Your goal: Show each line of the records below where the word "buttons" occurs.

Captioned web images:
• • •

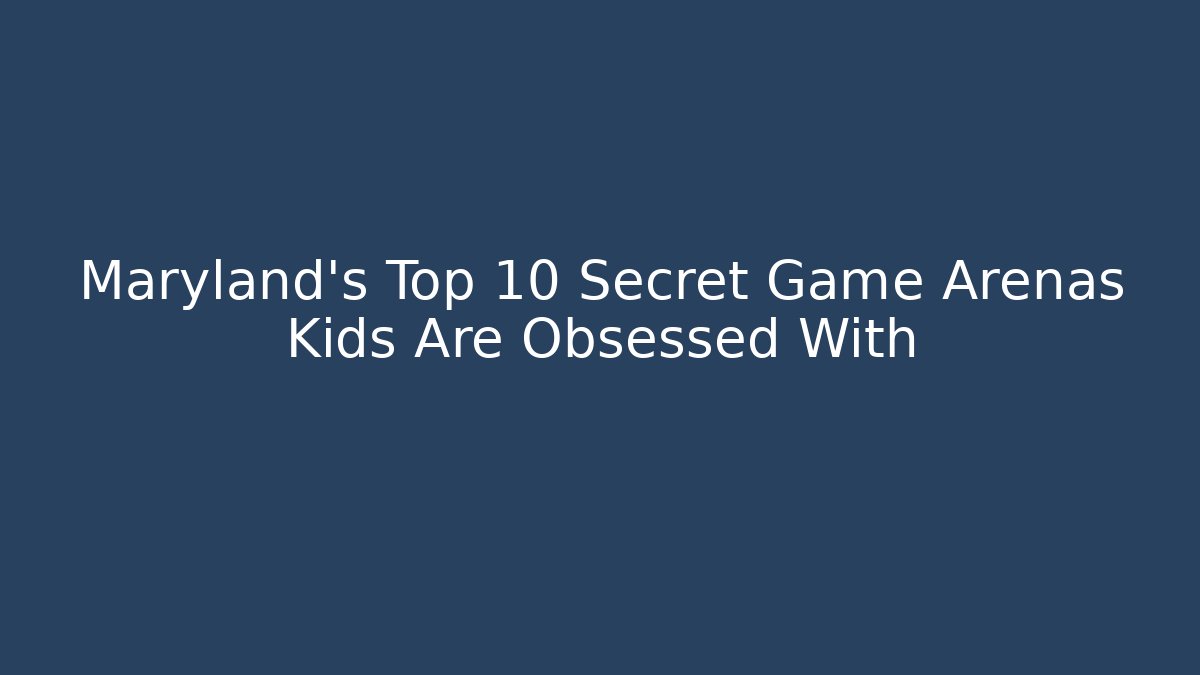 Maryland's Top 10 Secret Game Arenas Kids Are Obsessed With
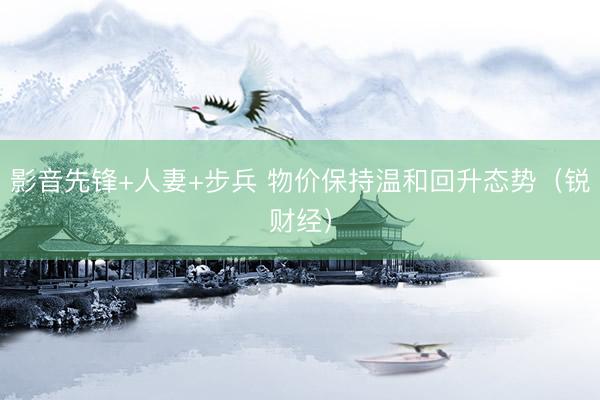 影音先锋+人妻+步兵 物价保持温和回升态势（锐财经）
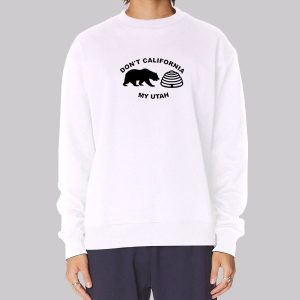 Don’t California My Utah Sweatshirt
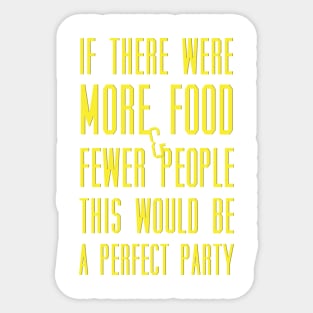 Ron Swanson perfect party Sticker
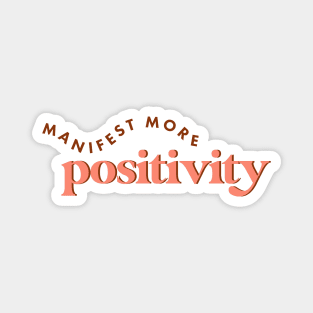 Manifest More Positivity Affirmation Quote Magnet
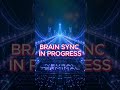 BRAIN SYNC IN PROGRESS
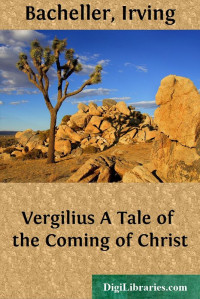 Irving Bacheller — Vergilius / A Tale of the Coming of Christ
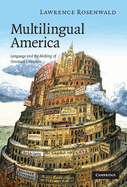 Multilingual America: Language and the Making of American Literature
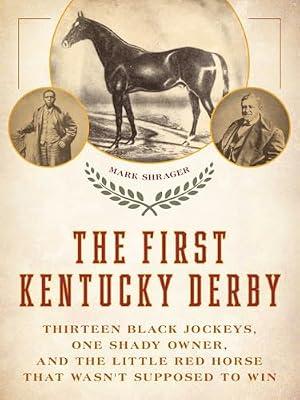First Kentucky Derby: Thirteen Black Jockeys, One Shady Owner, and the Little Red Horse That Wasn't Supposed to Win by Shrager, Mark | Hardcover | Horse Racing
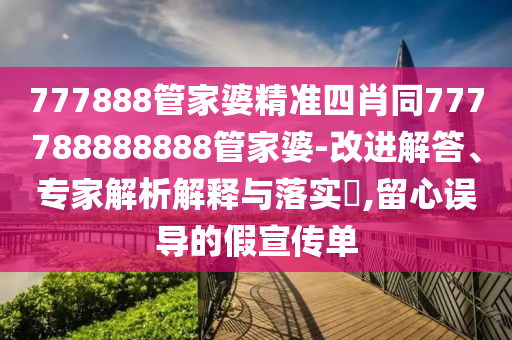777888管家婆精準四肖同777788888888管家婆-改進解答、專家解析解釋與落實?,留心誤導的假宣傳單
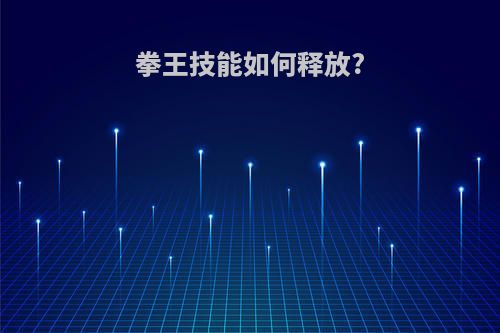 拳王技能如何释放?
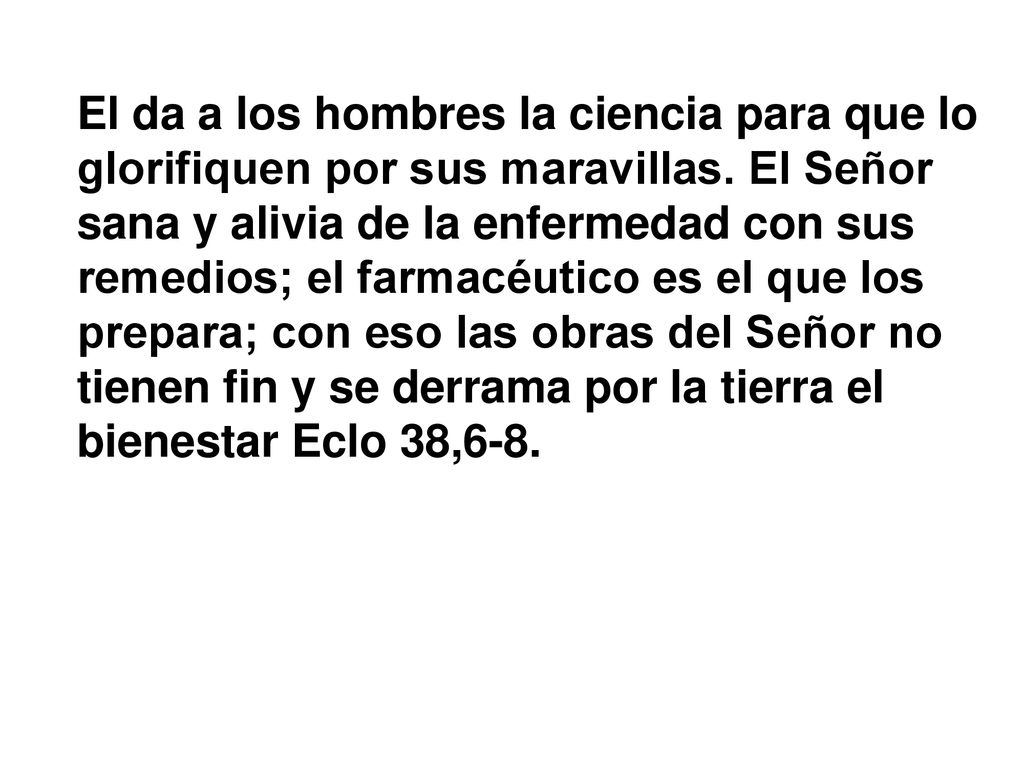 El da a los hombres la ciencia para que lo glorifiquen por sus maravillas.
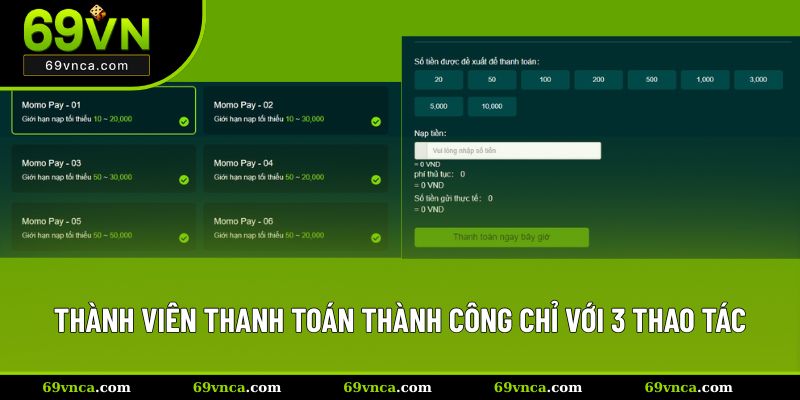 Thành viên thanh toán thành công chỉ với 3 thao tác
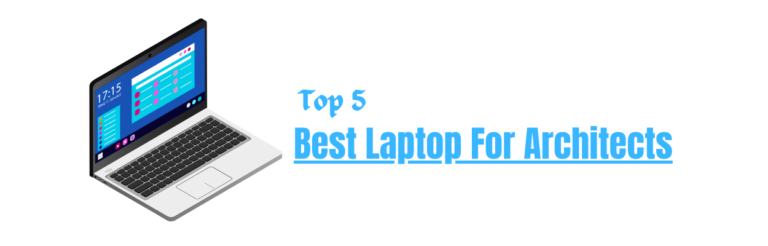 5 Best Laptop For Architects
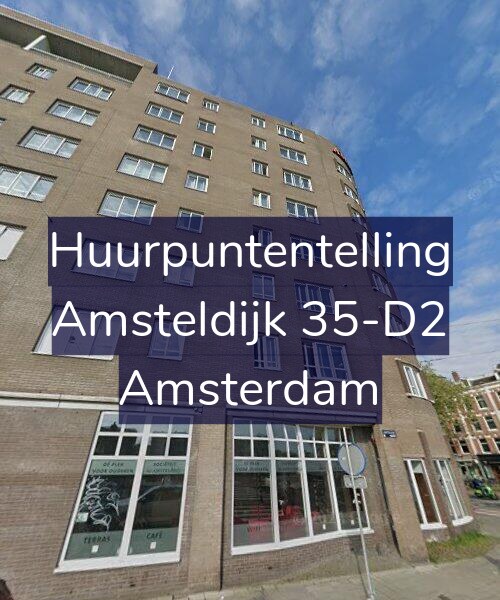 Foto gevel Huurpuntentelling voor Amsteldijk 35-D2, Amsterdam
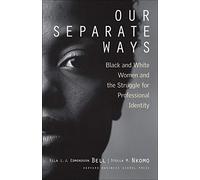 Our Separate Ways: Black and White Women and the Struggle for Professional Identity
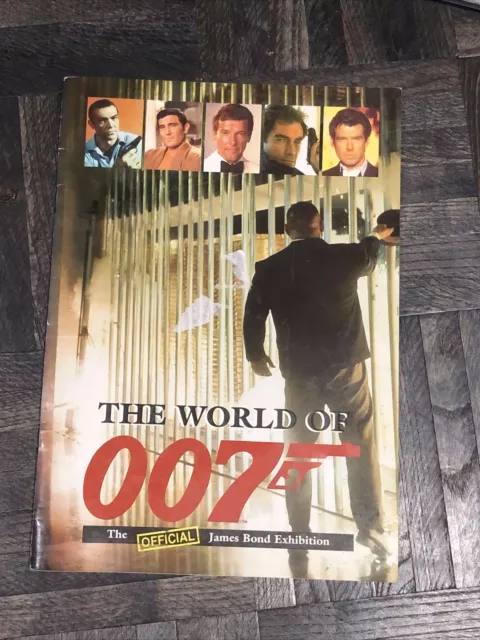 The World Of 007. The Official James Bond Exhibition.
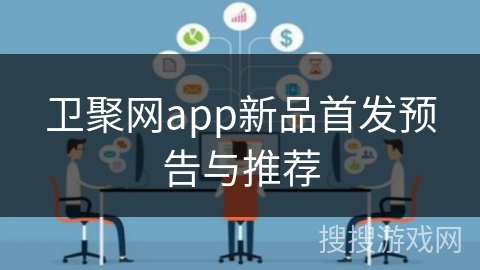 卫聚网app新品首发预告与推荐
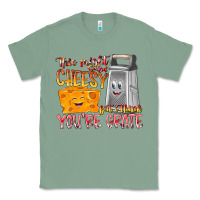 Sage This Might  Sound Chessy But it Think You Are Grat Classic Tee - RacoonDesign
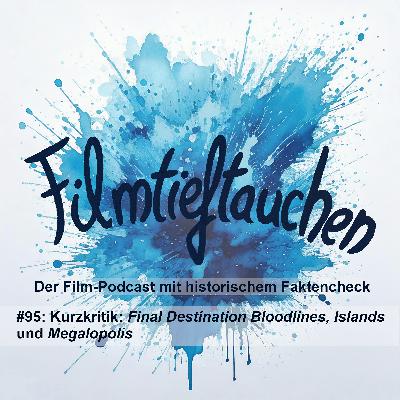 #95: Kurzkritik: „Final Destination Bloodlines“, „Islands“ und „Megalopolis“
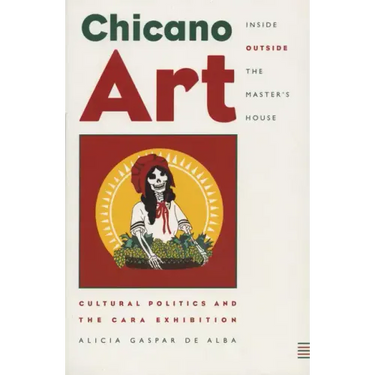 Chicano Art Inside/Outside the Master's House: Cultural Politics and the CARA Exhibition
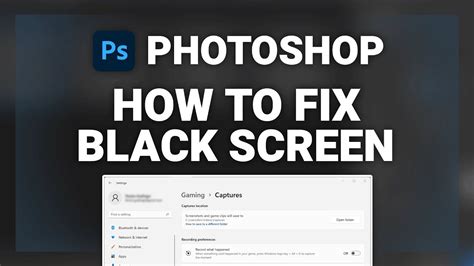 Adobe Photoshop How To Fix Black Screen Complete 2022 Tutorial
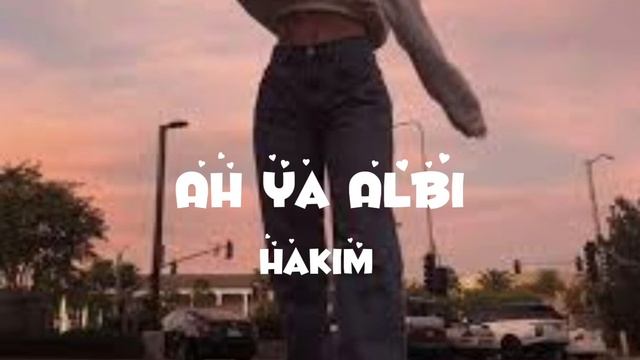 Ah Ya Albi - Hakim (speed Up)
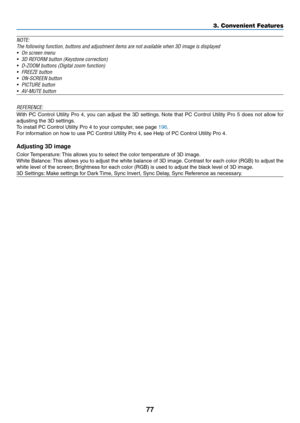 Page 9177
3. Convenient Features
NOTE:
The	following	function,	buttons	and	adjustment	items	are	not	available	when	3D	image	is	displayed	
•	 On	screen	menu
•	 3D	REFORM	button	(Keystone	correction)
•	 D-ZOOM	buttons	(Digital	zoom	function)
•	 FREEZE	button
•	 ON-SCREEN	button
•	 PICTURE	button
•	 AV-MUTE	button
REFERENCE:
With	PC	Control	 Utility	Pro	4,	you	 can	 adjust	 the	3D	settings. 	Note	 that	PC	Control	 Utility	Pro	5	does	 not	allow	 for	
adjusting	the	3D	settings.
To	install	PC	Control	Utility	Pro	4	to...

• • •

Reply to the task:
The	following	function,	buttons	and	adjustment	items	are	not	available	when	3D	image	is	displayed	
•	 D-ZOOM	buttons	(Digital	zoom	function)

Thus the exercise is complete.